Short text fragments from websites:
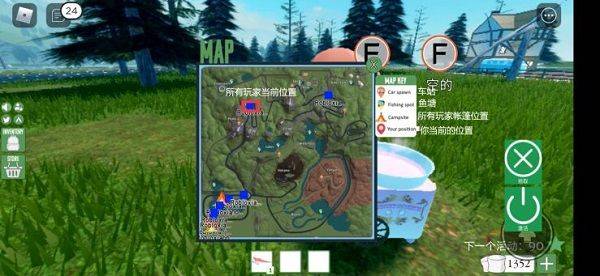 roblox作弊菜单最新版 v2.711.437安卓版
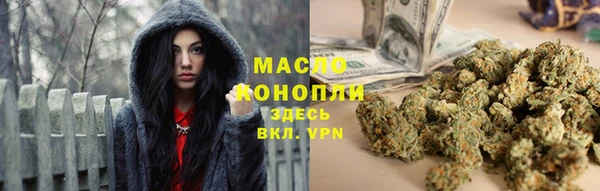 ECSTASY Ачинск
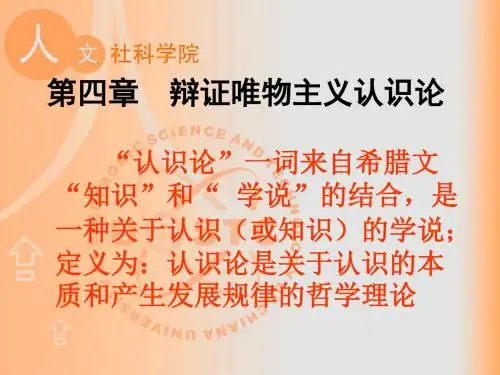 四章辩证唯物主义认识论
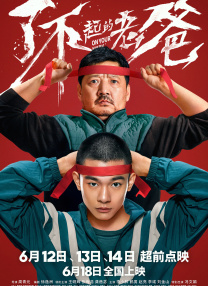 久久精品中文字幕久久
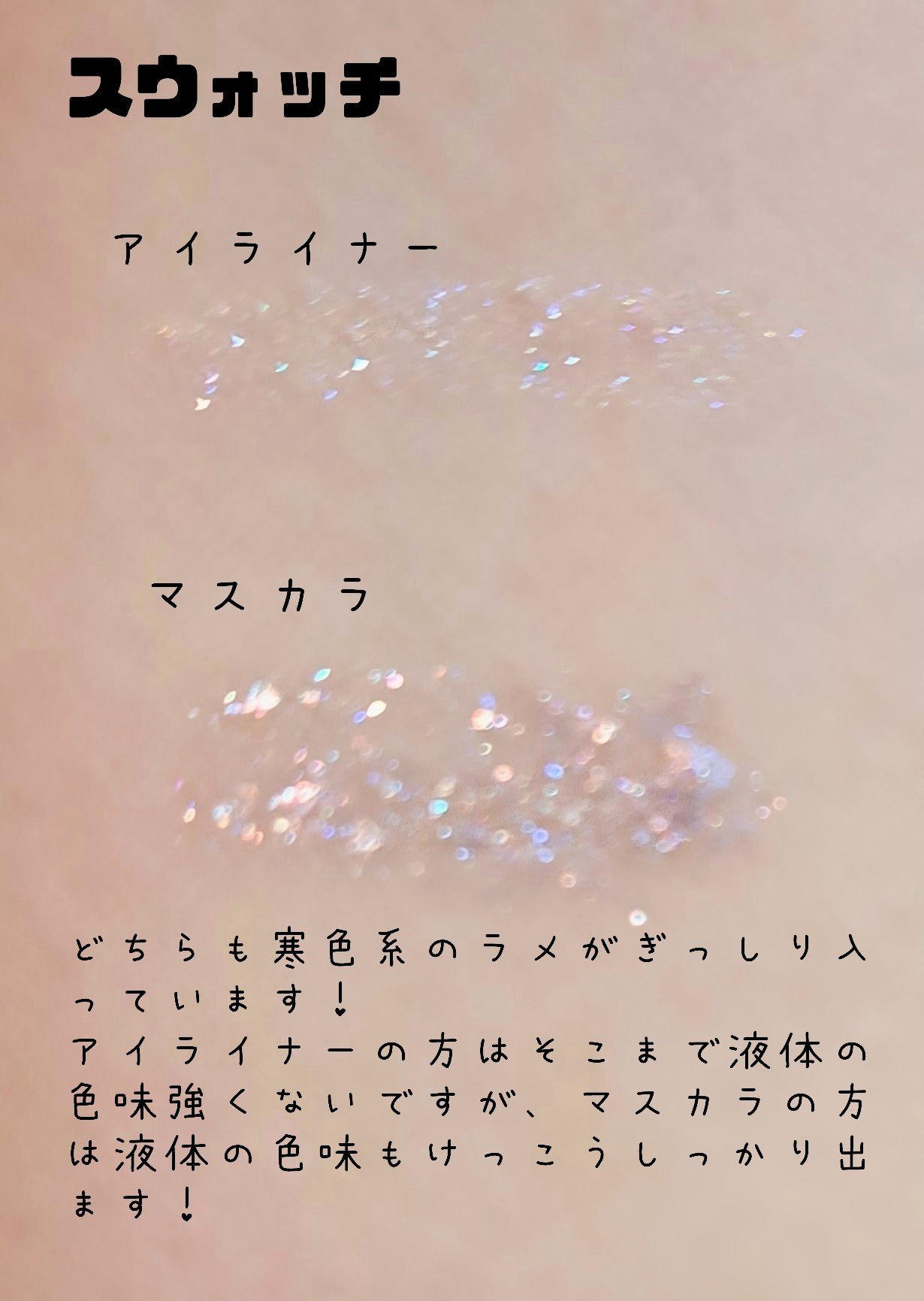 ジルスチュアート　アイダイヤモンド グリマー 09 twinkle utopia＜ユニコーンユートピア＞（限定色）/JILL STUART/グリッターを使ったクチコミ（2枚目）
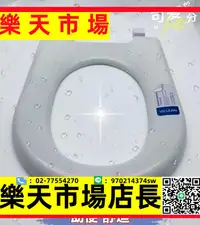 在飛比找樂天市場購物網優惠-智能馬桶座圈 適配Villeroy&Boch/唯寶智能馬桶維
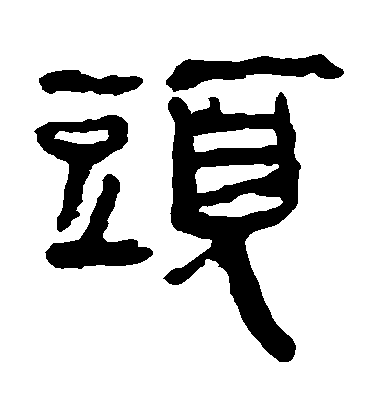 不詳隸書頭字書法寫法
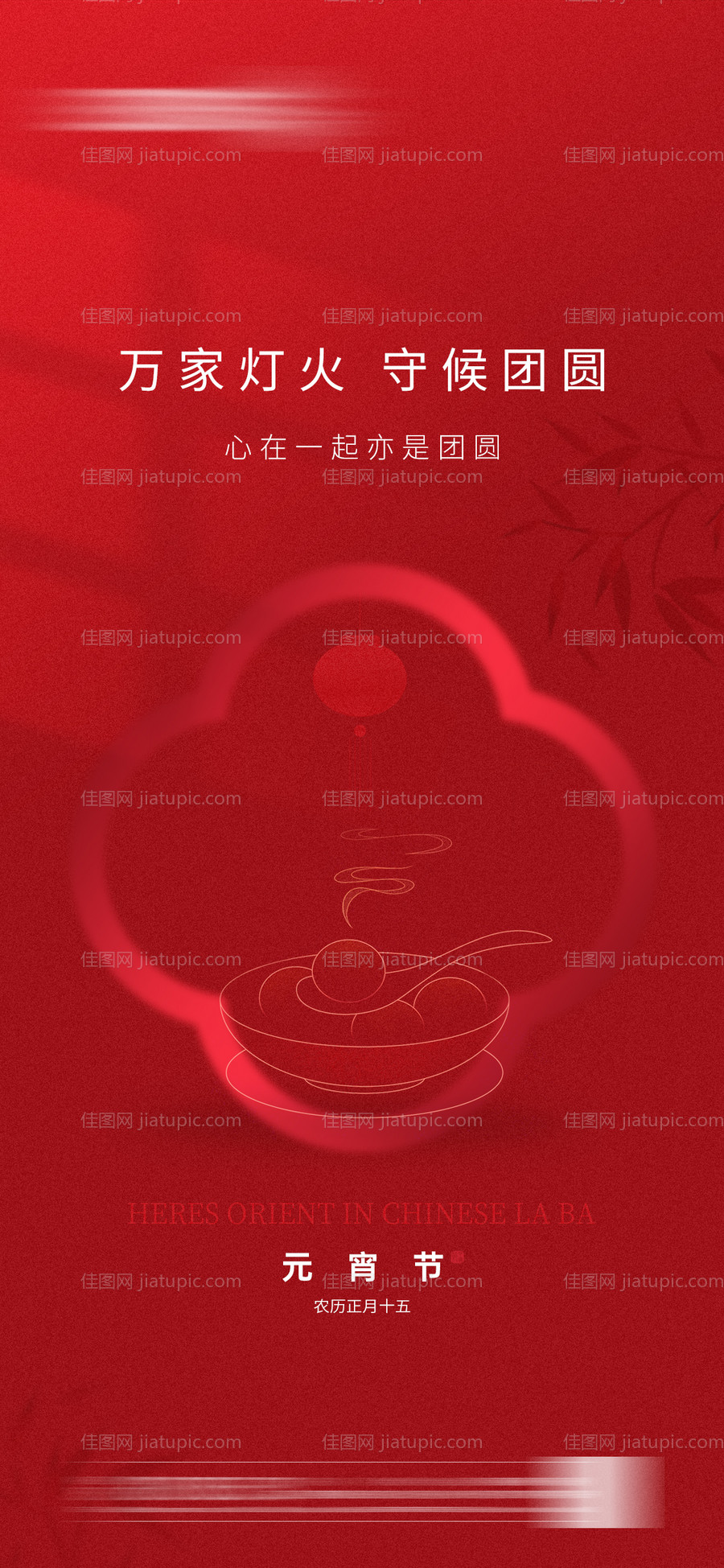 元宵节海报-源文件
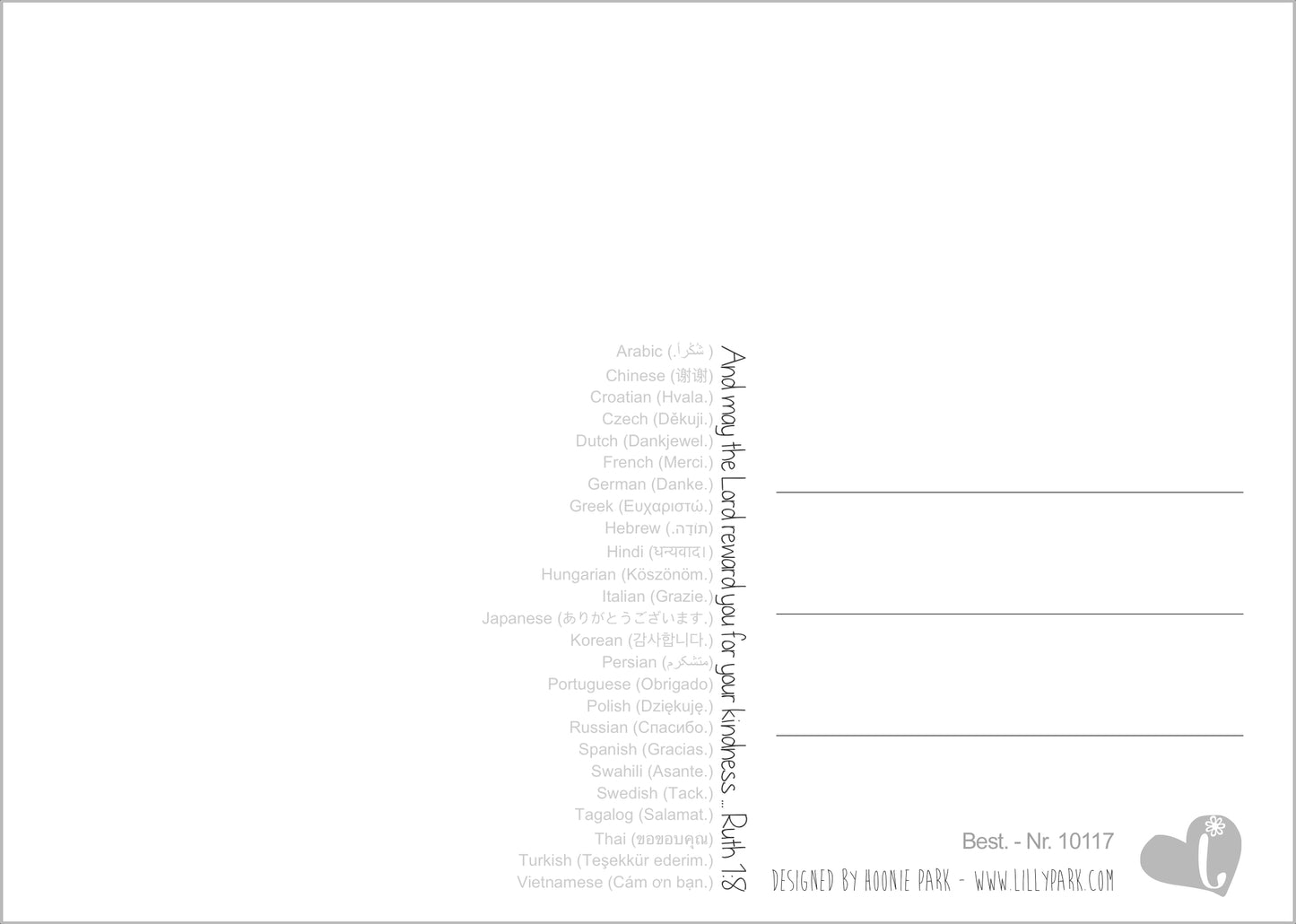 Postkarte "Danke", in 25 Sprachen - LILLYPARK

TASK DIRECTIONS: Leave the pictures out. Transcribe exactly the lines from the one with "ECSTASY Ачинск" through the end of the records.

SOLVED EXERCISE:
 ECSTASY Ачинск
 四章辩证唯物主义认识论
 久久精品中文字幕久久
 ジルスチュアート　アイダイヤモンド グリマー 09 twinkle utopia＜ユニコーンユートピア＞（限定色）/JILL STUART/グリッターを使ったクチコミ（2枚目）
 在飛比找樂天市場購物網優惠-智能馬桶座圈 適配Villeroy&Boch/唯寶智能馬桶維
 不詳隸書頭字書法寫法
 元宵节海报-源文件
 Postkarte "Danke", in 25 Sprachen - LILLYPARK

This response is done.